Consider then if we distribute the conjugate product through the inverse, we have equivalently,

\[ \begin{align} & \mathbf{B}_{k|k} = \left( \mathbf{B}_{k|k-1}^{-1} + \mathbf{H}_k^\top \mathbf{R}_k^{-1} \mathbf{H}_k\right)^{-1} \\ \Leftrightarrow & \mathbf{B}_{k|k}^{-1} = \mathbf{B}_{k|k-1}^{-1} + \mathbf{H}_k^\top \mathbf{R}_k^{-1} \mathbf{H}_k \end{align} \]
Note that if we compute the Hessian of the direct, penalized objective function,

\[ \begin{align} \mathcal{J}_p (\pmb{x}) = \frac{1}{2}\parallel \overline{\pmb{x}}_{k|k-1} - \pmb{x} \parallel_{\mathbf{B}_{k|k-1}}^2 + \frac{1}{2}\parallel \pmb{y}_k - \mathbf{H}_k \pmb{x} \parallel_{\mathbf{R}_k}^2 \end{align} \]
we obtain,

\[ \begin{align} \mathbf{H}_{\mathcal{J}_p} &= \mathbf{B}^{-1}_{k|k-1} + \mathbf{H}_k\mathbf{R}_k^{-1}\mathbf{H}_k \\ &= \mathbf{B}_{k|k}^{-1} \end{align} \]

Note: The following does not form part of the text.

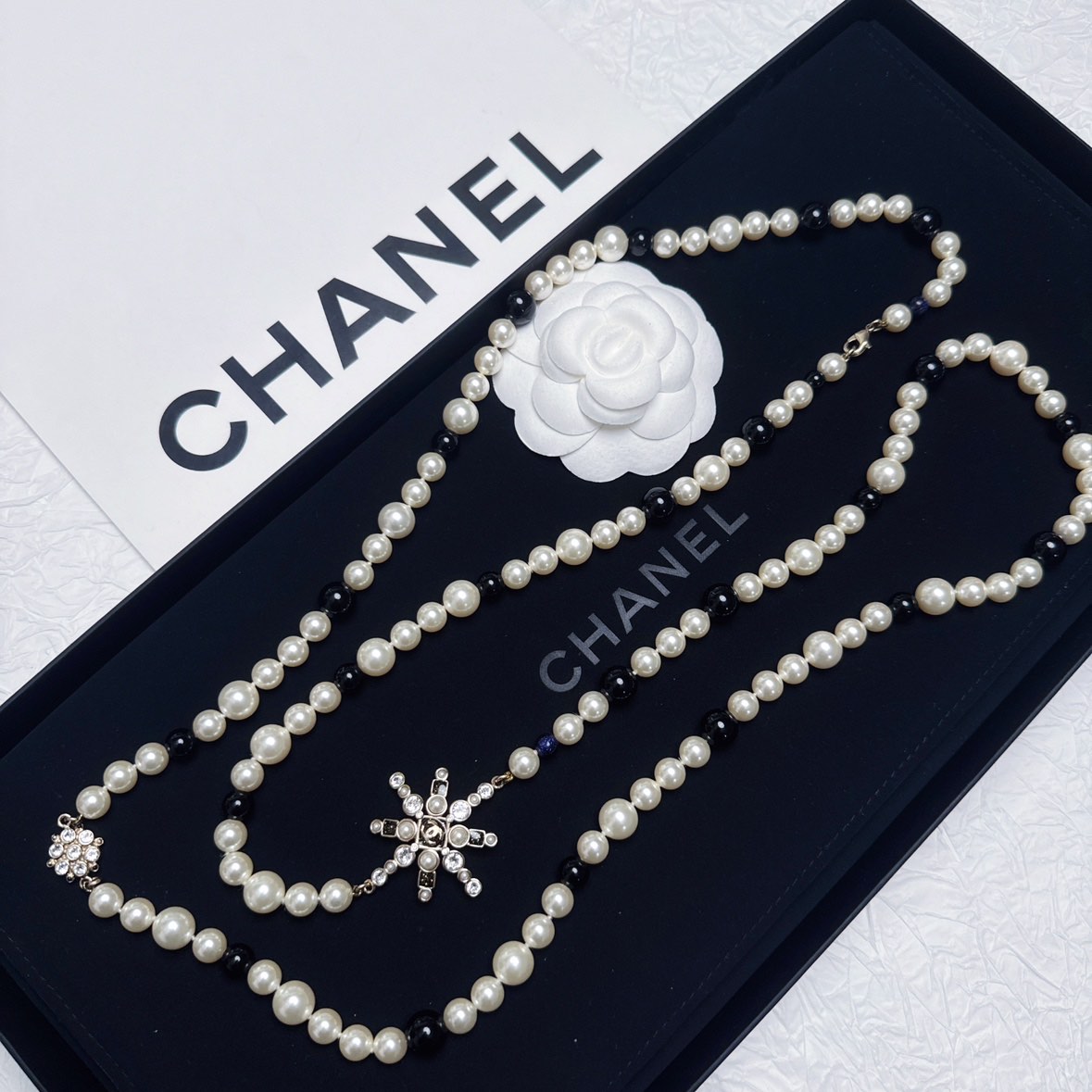 95新 Chanel/香奈儿 柚礼中古/香奈儿雪花黑白珍珠项链CG501176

Linear least-squares estimation and Newton's algorithm

From the last slide we had the relationship,

\[ \begin{align} \mathbf{B}_{k|k} = \mathbf{H}_{\mathcal{J}_p}^{-1}, \end{align} \]
i.e., the posterior covariance is exactly the inverse Hessian of the direct, state-space cost function for the Gauss-Markov model.
This is an illustration of a more widely true property.
Particularly, the maximum likelihood estimation minus-log-likelihood cost function Hessian is the inverse covariance of the maximum likelihood estimator.
- This is an asymptotic result that holds in a similar sense to the central limit theorem.
In particular, when the sample size is sufficiently large, even for non-Gaussian error distributions, the maximum likelihood estimator will have a spread that is inverse-proportional to the local curvature in the state-space cost function.